> _Short descriptive text snippets_:
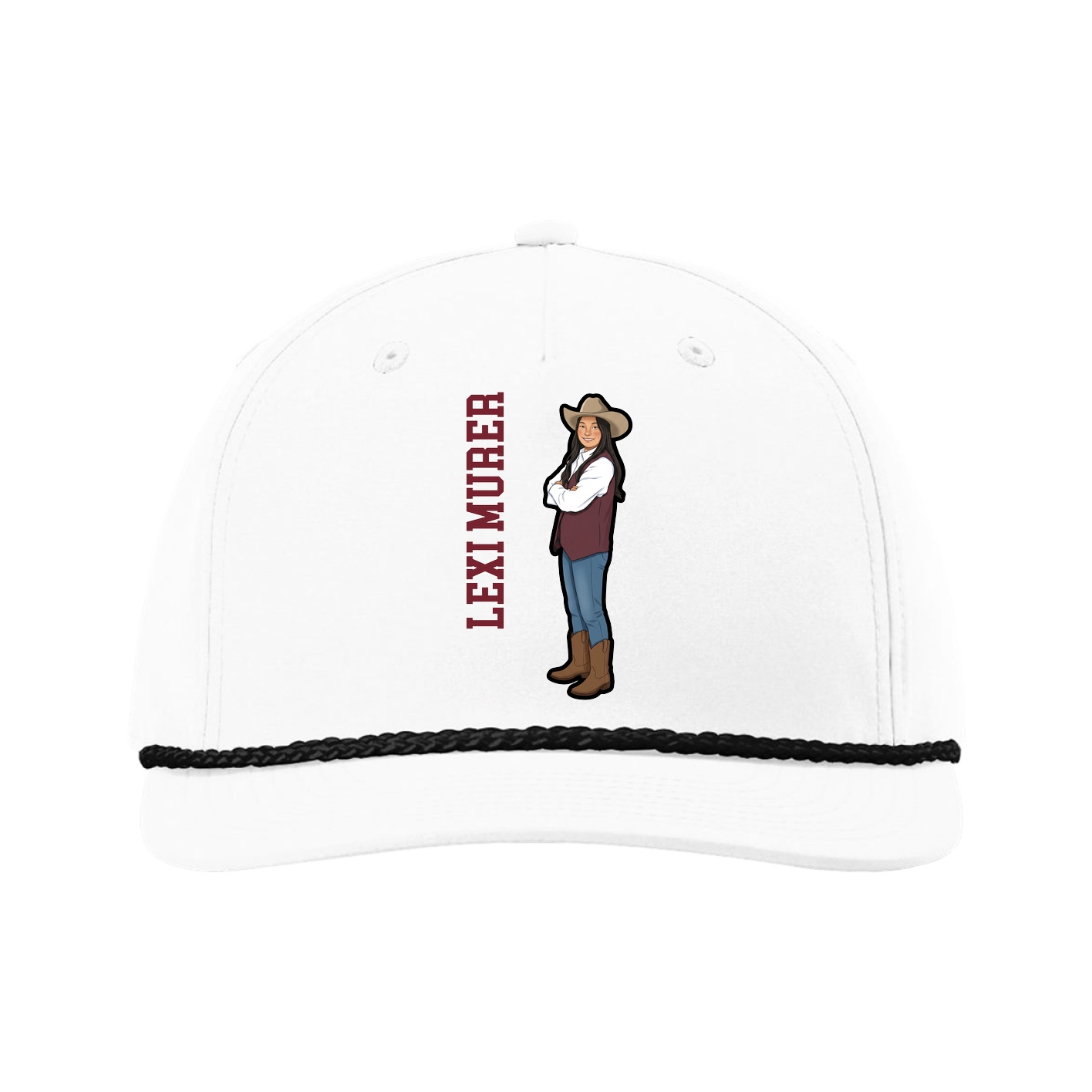 Five-Panel Classic Rope Cap — Name Vertical in White
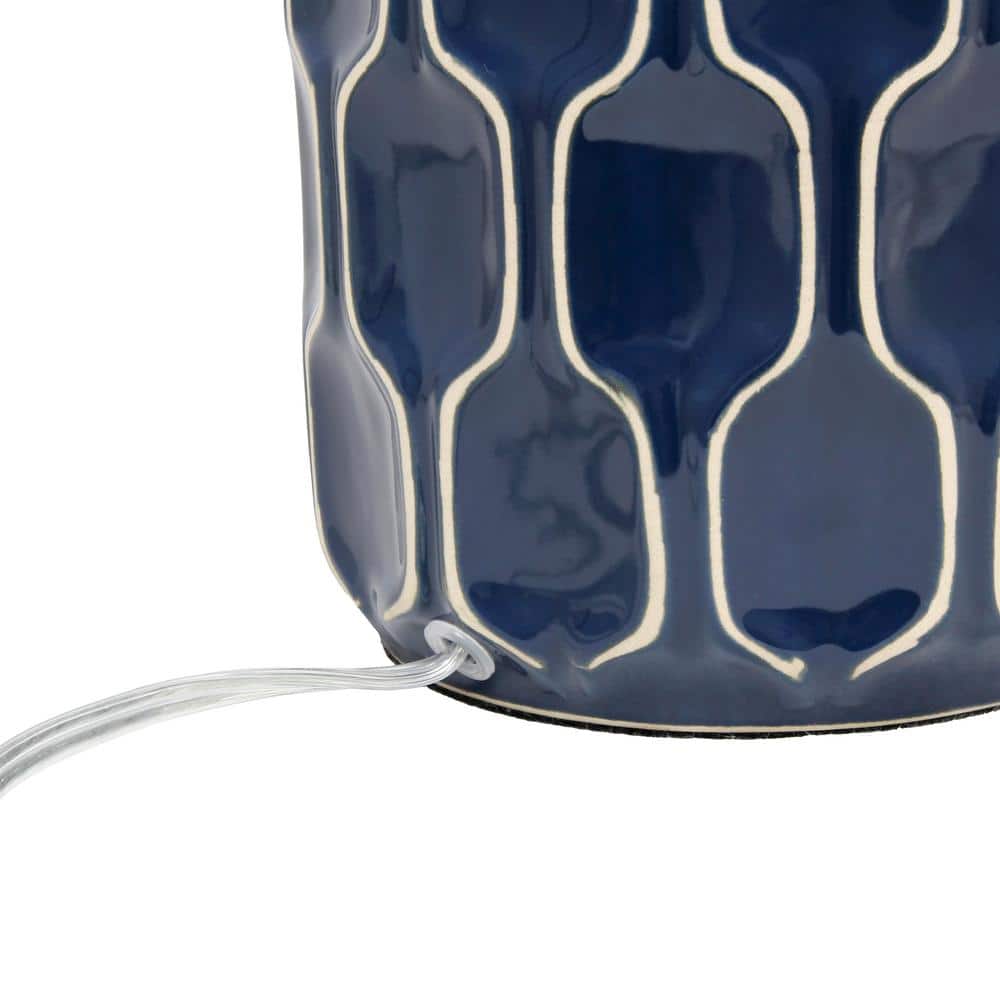 Sophisticated Blue and White Handpainted Resin Table Lamp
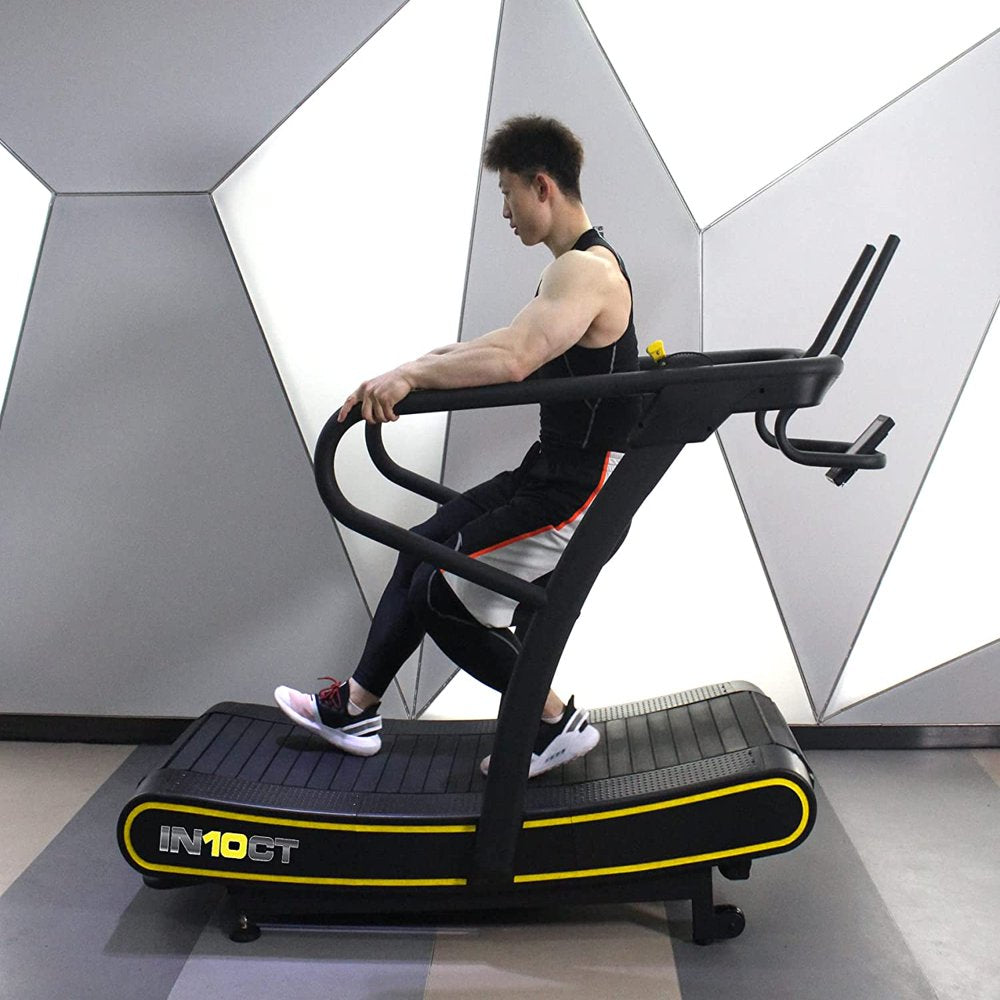 Intensity Runner Manual Curved Wide Exercise Treadmill, 10 Levels of Magnetic Resistance, Walking Jogging Machine for Home and Office Use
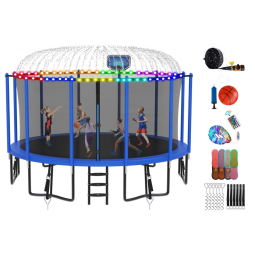 Trampolim redondo DeepRoar azul com rede de proteção, cesta de basquete, luz LED, aspersor de água e capacidade até 680kg
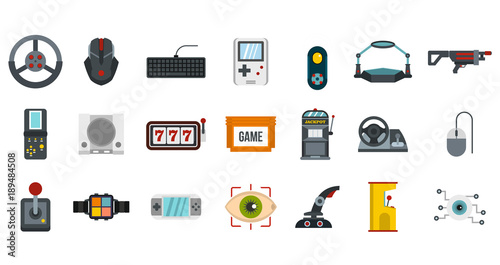 Video game icon set, flat style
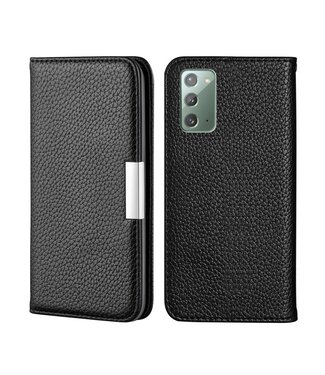 Zwart Litchee Bookcase Hoesje Samsung Galaxy Note 20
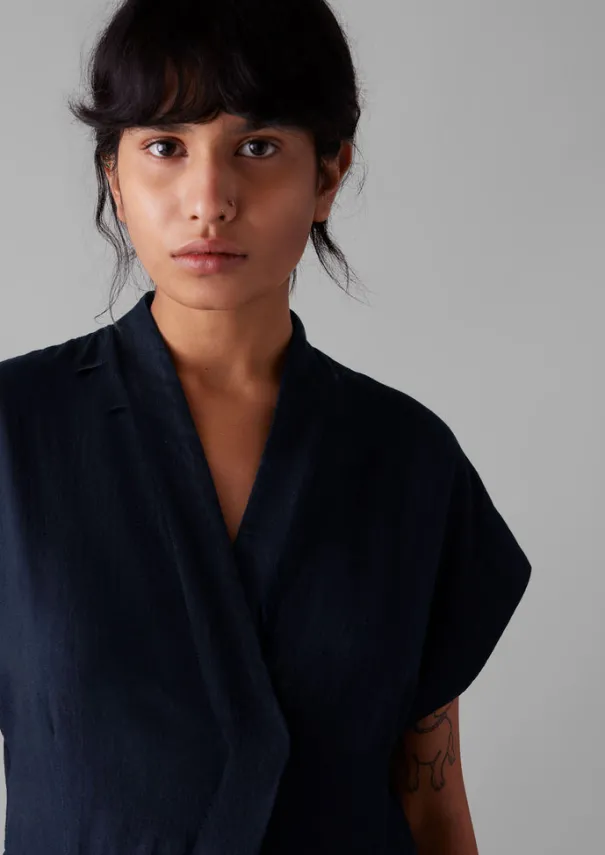 Cross Front Twill Jumpsuit Women Jumpsuits|Trousers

> _What is being asked_:
No picture belongs in the answer, but every word of the records above does, exactly as given.

> _Written response_:
 Five-Panel Classic Rope Cap — Name Vertical in White
 Sophisticated Blue and White Handpainted Resin Table Lamp
 Intensity Runner Manual Curved Wide Exercise Treadmill, 10 Levels of Magnetic Resistance, Walking Jogging Machine for Home and Office Use
 Trampolim redondo DeepRoar azul com rede de proteção, cesta de basquete, luz LED, aspersor de água e capacidade até 680kg
 Video game icon set, flat style
 Zwart Litchee Bookcase Hoesje Samsung Galaxy Note 20
 Cross Front Twill Jumpsuit Women Jumpsuits|Trousers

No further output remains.